Butler Shaffer writes in today’s Mises Daily:
There are many other costs associated with IP that rarely get attention in cost-benefit analyses of the topic. One has to do with the fact that the patenting process, as with government regulation generally, is an expensive and time-consuming undertaking that tends to increase industrial concentration. Large firms can more readily incur the costs of both acquiring and defending a patent than can an individual or a small firm, nor is there any assurance that, once either course of action is undertaken, a successful outcome will be assured. Thus, individuals with inventive products may be more inclined to sell their creations to larger firms. With regard to many potential products, various governmental agencies (e.g., the EPA, FDA, OSHA) may have their own expensive testing and approval requirements before new products can be marketed, a practice that, once again, favors the larger and more established firms.

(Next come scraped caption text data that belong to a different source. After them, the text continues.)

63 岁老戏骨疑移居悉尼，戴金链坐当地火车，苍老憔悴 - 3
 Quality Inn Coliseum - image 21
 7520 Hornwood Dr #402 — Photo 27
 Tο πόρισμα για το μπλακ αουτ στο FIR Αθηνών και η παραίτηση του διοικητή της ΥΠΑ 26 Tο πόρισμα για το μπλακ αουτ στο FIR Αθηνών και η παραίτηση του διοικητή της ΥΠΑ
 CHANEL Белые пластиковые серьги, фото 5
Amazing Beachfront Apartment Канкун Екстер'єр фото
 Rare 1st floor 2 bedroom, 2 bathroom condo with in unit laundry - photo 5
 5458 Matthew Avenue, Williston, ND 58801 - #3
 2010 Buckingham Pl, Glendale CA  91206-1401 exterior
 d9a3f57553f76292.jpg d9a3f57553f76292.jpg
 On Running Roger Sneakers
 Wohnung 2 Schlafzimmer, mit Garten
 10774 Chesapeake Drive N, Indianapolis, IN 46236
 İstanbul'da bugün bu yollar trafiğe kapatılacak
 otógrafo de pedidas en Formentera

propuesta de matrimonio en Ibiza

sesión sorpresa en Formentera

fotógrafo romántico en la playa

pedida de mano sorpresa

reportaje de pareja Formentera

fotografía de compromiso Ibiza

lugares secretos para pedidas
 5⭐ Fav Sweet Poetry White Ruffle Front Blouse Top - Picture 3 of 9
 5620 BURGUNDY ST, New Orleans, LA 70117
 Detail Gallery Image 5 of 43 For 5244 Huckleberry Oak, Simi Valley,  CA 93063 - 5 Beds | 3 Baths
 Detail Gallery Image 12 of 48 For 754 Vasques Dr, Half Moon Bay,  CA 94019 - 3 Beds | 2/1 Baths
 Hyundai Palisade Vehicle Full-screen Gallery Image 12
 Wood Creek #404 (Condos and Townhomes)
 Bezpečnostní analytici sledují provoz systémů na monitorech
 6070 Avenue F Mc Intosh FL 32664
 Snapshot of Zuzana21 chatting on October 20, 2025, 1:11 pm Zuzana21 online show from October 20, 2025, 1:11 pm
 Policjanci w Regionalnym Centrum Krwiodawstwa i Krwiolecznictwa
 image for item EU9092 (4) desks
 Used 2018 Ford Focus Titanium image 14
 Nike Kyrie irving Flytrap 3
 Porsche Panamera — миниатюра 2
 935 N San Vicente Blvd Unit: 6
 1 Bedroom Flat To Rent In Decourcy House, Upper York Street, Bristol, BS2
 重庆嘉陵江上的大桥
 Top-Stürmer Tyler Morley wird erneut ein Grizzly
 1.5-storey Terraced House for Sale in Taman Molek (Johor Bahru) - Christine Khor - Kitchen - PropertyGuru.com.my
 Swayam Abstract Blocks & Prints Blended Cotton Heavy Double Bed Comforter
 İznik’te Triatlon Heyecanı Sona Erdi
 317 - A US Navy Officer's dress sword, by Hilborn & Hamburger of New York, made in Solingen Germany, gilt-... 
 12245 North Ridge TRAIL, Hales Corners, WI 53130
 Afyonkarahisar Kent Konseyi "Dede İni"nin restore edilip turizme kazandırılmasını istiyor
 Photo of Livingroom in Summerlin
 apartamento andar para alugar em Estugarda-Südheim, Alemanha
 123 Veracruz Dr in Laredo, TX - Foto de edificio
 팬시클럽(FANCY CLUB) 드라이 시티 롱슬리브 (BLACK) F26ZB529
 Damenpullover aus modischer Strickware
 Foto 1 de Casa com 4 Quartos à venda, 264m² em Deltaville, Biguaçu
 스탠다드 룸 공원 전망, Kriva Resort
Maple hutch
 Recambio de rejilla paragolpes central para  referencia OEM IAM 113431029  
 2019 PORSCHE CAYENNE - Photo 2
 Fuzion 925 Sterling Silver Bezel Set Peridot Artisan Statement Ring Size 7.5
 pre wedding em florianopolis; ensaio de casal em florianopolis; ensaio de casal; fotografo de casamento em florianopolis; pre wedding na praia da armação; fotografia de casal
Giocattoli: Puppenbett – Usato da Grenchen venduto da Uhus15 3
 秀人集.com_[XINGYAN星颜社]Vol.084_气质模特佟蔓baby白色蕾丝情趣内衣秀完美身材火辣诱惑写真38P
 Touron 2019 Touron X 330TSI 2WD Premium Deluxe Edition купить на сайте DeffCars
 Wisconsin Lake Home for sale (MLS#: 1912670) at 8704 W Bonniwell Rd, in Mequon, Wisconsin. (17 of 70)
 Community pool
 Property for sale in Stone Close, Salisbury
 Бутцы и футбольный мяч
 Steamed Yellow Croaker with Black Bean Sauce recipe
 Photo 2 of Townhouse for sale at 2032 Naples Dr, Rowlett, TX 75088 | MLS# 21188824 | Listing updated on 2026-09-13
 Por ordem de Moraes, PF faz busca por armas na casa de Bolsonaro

Increased concentration also contributes to the debilitating and destructive influences associated with organizational size. In addressing what he calls “the size theory of social misery,” Leopold Kohr observes that “[w]herever something is wrong, something is too big,” a dynamic as applicable to social systems as in the rest of nature. The transformation of individuals into “overconcentrated social units” contributes to the problems associated with mass size. One sees this tendency within business organizations, with increased bureaucratization, ossification, and reduced resiliency to competition often accompanying increased size. Nor do the expected benefits of economies of scale for larger firms overcome the tendencies for the decline of earnings and rates of return on investments, as well as the maintenance of market shares following mergers. The current political mantra, “too big to fail,” is a product of the dysfunctional nature of size when an organization faces energized competition to which it must adapt if it is to survive.